The researcher turned a corner. Its echo kept walking straight, passing through solid concrete before fading.
"Temporal echoes," the Rival whispered. "The disease splits perception from reality."
A terminal flickered on the wall. We approached.
[QUARANTINE ZONE ALPHA]
[STATUS: CONTAINMENT FAILED]
[TEMPORAL PATHOGEN LEVEL: OMEGA]
[WARNING: CAUSAL INTEGRITY UNSTABLE]
[AFFLICTIONS RECORDED:
CHRONAL DISSOCIATION
IDENTITY BLEED
SKILL CORRUPTION
REALITY LAG]
[/SYSTEM]
"Skill corruption?" Lara said.
As if in answer, her phase-blade flickered in her hand. The system text above it glitched.
[SKILL: PHASE-BLADE]
[PROFICIENCY: 87%]
[CORRUPTION DETECTED]
[PROFICIENCY: 86%]
[PROFICIENCY: 85%]
[/SYSTEM]
The numbers ticked down. Slowly. Inexorably.
"My skill is decaying," she said, her voice flat.
Marcus checked his shield. His defensive proficiency was also dropping. Seventy-nine percent. Seventy-eight.
The disease wasn't attacking our bodies. It was attacking our data. Our progress.
Eli's scanner fizzed. "The Trigger Mechanism is ahead. In the main lab. But the pathogen concentration is highest there. Exposure will accelerate the corruption."
"We don't have a choice," I said.
We moved forward. The corridor worsened. Gravity shifted directions every ten steps. Up became down. Left became right. We climbed walls. Walked on ceilings.
We passed a window looking into a lab. Inside, a researcher was trapped in a time loop. He picked up a beaker. It shattered. He picked up the beaker. It shattered. He had been doing this for years. His echo was five iterations behind.
We reached the main lab doors. Sealed with a biohazard lock.
Eli worked on the terminal. "I can bypass, but it will trigger a purge cycle. Thirty seconds of raw pathogen exposure."
"Do it," I said.
He tapped the keys. The doors hissed. Opened.
A wave of wrongness hit us. The air wasn't air. It was solidified time. I breathed in moments. Exhaled memories.
In the center of the lab, on a pedestal, was the Trigger Mechanism.
A crystalline device that glowed with inverted light. It didn't emit illumination. It sucked it in. The space around it was darker than black.
We stepped inside. The doors sealed behind us.
A countdown started on the terminal.
[PURGE CYCLE ACTIVE]
[PATHOGEN RELEASE IN: 29 SECONDS]
[/SYSTEM]
We had half a minute in a room that would accelerate the disease.
I moved toward the Mechanism. My Dysphasia screamed. Future sounds overlapped into a wall of noise.

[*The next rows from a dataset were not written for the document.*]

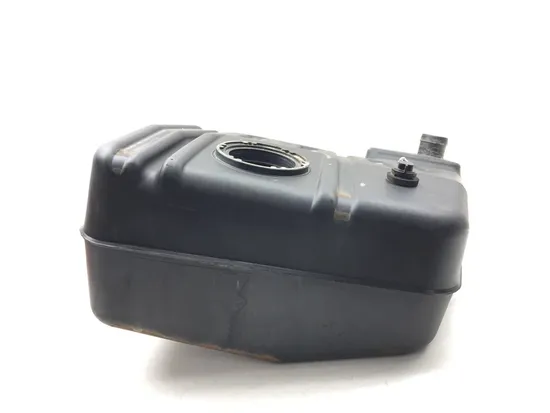 Gas Fuel Tank 2016 Arctic Cat Wildcat X 1000 4x4 EPS 3145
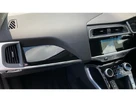 2022-jaguar-i-pace-ev400-se-small-25
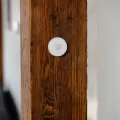TESLA Smart Sensor Button - tlačítko pro ovládání chytré domácnosti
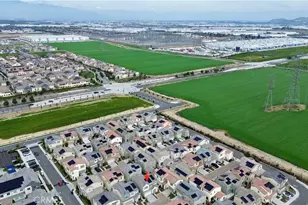 4105 S Sunflower Paseo, Ontario, CA 91761 - Photo 45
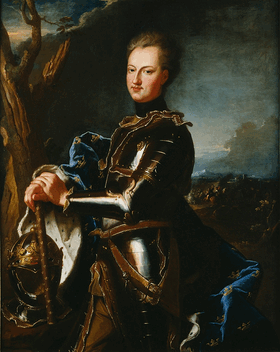 0601c539-59b2-280x352.png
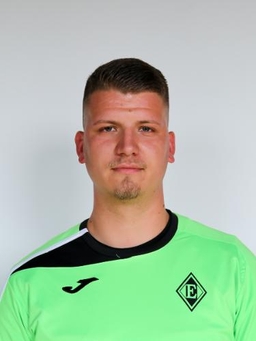 Avatar Bild für Robert Schmidt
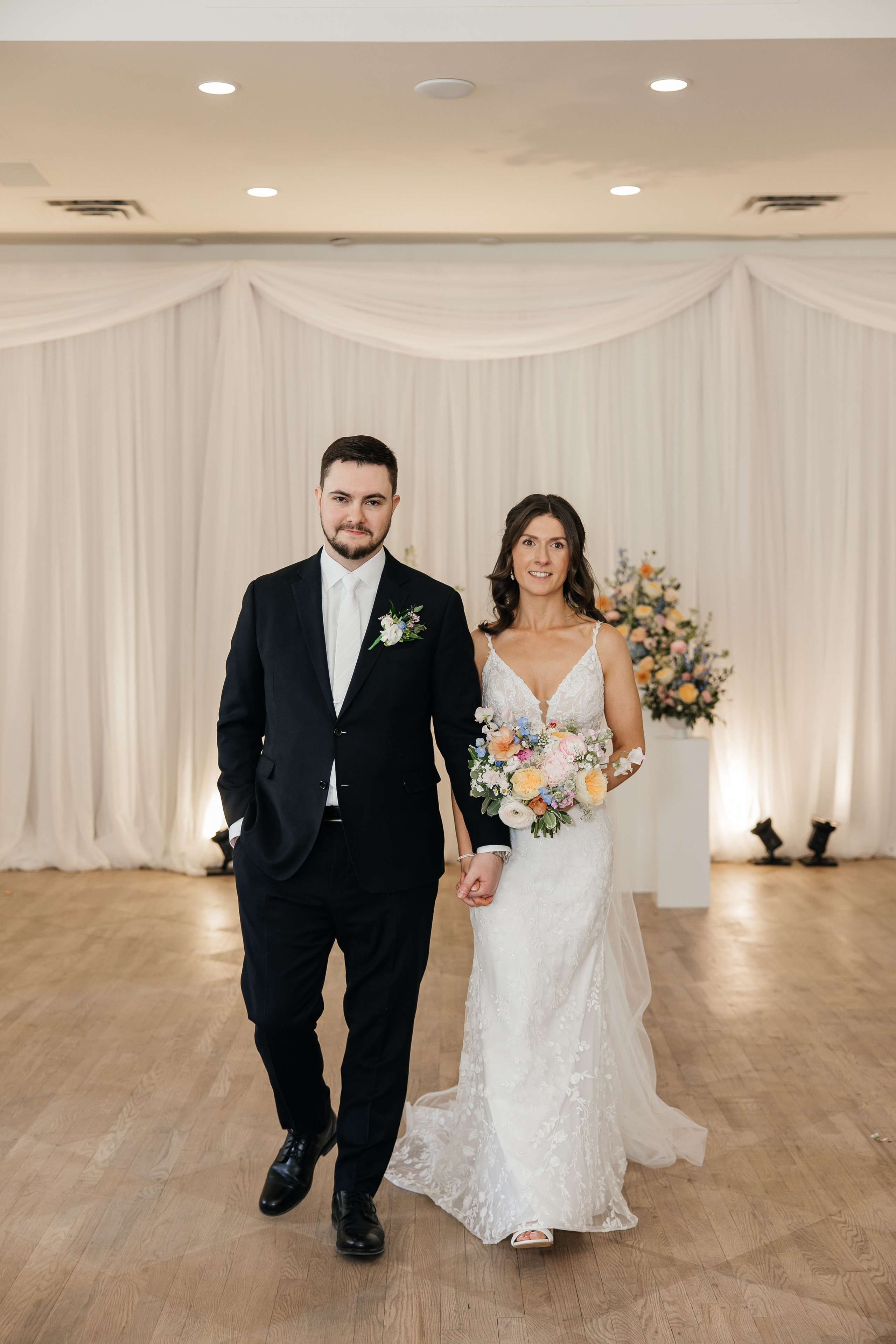 Bri&Matt. Affordable Photographer in Calgary — Tetiana Shuhai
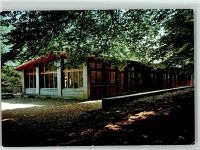 6618 Arcegno - Campo Pestalozzi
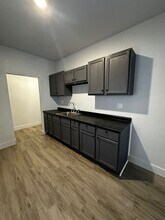 5366 Seneca St in Detroit, MI - Building Photo - Building Photo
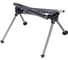 Складное кресло Norfin IMPOLA COMPACT NF Alu NF-20225 6
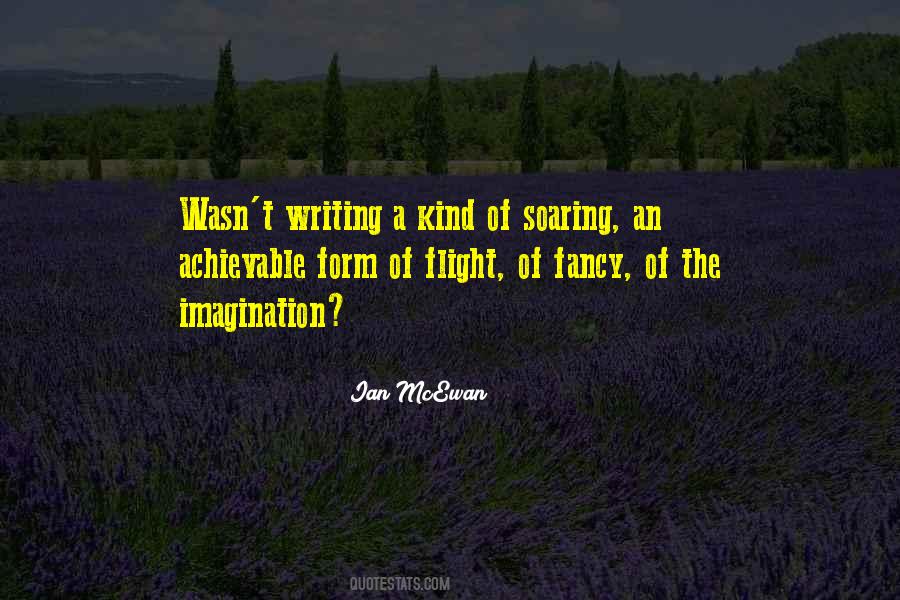 Quotes About Ian Mcewan #353314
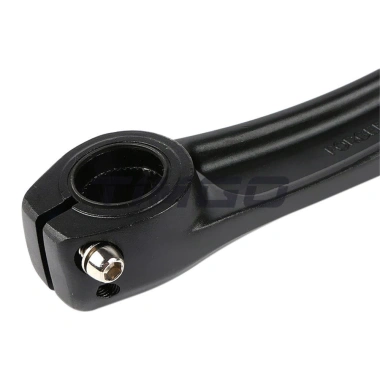 Mtb Xe Đạp Đường Bộ Vuông Tpaer Crankset Hollowtech 170mm Nhôm – Thay Thế Tay Quay Trái Shimano Giá 173.647₫ 7 Mtb Xe Đạp Đường Bộ Vuông Tpaer Crankset Hollowtech 170mm Nhôm – Thay Thế Tay Quay Trái Shimano Giá 173.647₫ 7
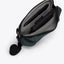 Ando Medium Bag
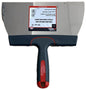 Cutit / spaclu de gletuire Soft 30 cm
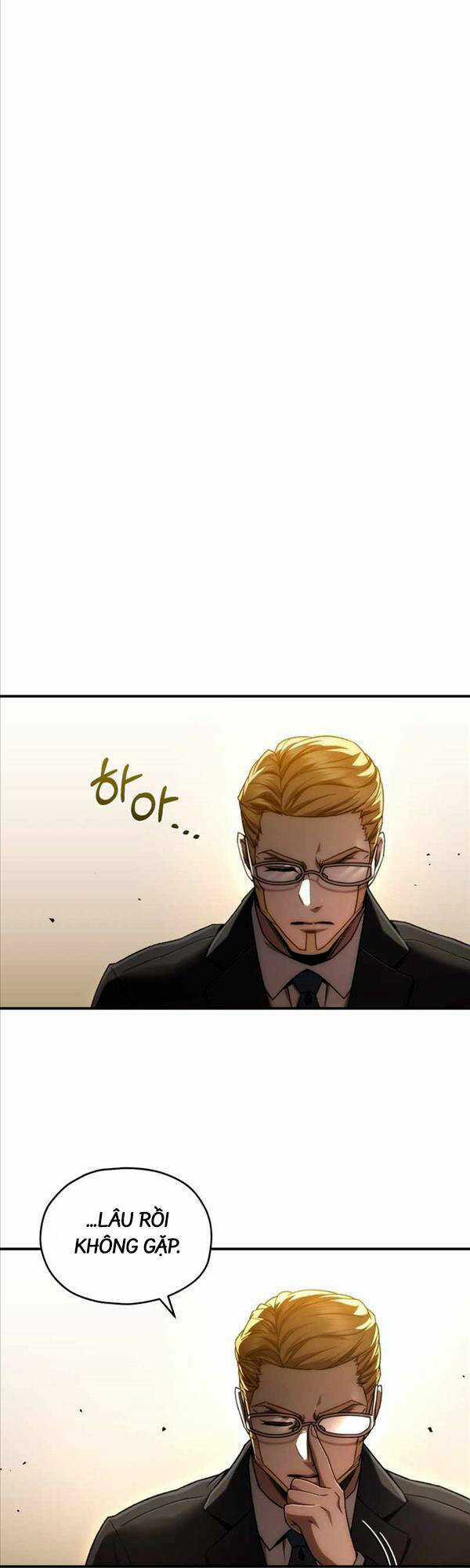 Làm Lại Cuộc Đời - Chapter 47 - Trang 4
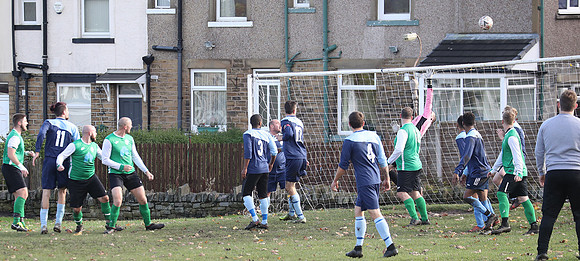 7080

The researcher's loop was echoing in my head.
I reached the pedestal. The Trigger Mechanism was cold. Colder than ice. It didn't just absorb light. It absorbed heat. Sound. Time.
I grabbed it.
The world snapped.
I wasn't in the lab. I was in a white space. The Rival stood beside me. Not the real Rival. A memory.

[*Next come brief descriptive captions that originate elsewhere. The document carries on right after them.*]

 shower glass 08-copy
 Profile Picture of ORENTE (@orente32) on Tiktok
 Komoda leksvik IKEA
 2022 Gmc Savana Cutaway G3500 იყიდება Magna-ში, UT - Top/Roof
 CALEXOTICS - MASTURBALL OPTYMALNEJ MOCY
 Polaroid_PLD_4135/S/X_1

"You don't just catch this disease," the memory said.
"You become it."
Then I was back. The Trigger Mechanism in my hand.
[ARTIFACT ACQUIRED: TEMPORAL IGNITION TRIGGER (LEGENDARY)]
[DESCRIPTION: FOUNDATIONAL WEAPON COMPONENT 3/5]
[EFFECT: CAN INITIATE OMEGA-NULL FIRING SEQUENCE]
[WARNING: USER'S TEMPORAL SIGNATURE NOW CONTAMINATED]
[PATHOGEN LEVEL: 12% AND RISING]
[/SYSTEM]
The purge countdown hit zero.
Vents opened in the ceiling. A mist descended. Not chemical. Temporal. It was made of fractured seconds.
It touched my skin. My pathogen level ticked up. Thirteen percent.
"Run!" I yelled.
We ran. Back through the shifting corridors. Past the looping researcher. Past the out-of-sync shadows.
My phase-blade proficiency dropped as we moved. Eighty percent. Seventy-nine. Lara's followed. Marcus's shield skill decayed.
We reached the airlock. Slammed the hatch sealed.
We stood in the dark, breathing hard.
I checked my status.
[PATHOGEN LEVEL: 17%]
[EFFECT: SKILL DECAY ACCELERATED BY 170%]
[NEXT STAGE: IDENTITY BLEED AT 25%]
[/SYSTEM]
We had the third piece.
And we were infected with a disease that ate progress.
The Rival looked at me. His nose had stopped bleeding. But his eyes were wrong. The pupils were slightly out of sync. One reacted to light a fraction slower than the other.
"We have the Trigger," he said. "Two parts left."
"And a deadline," I said, watching my skill tick down. "Before this disease unmakes us."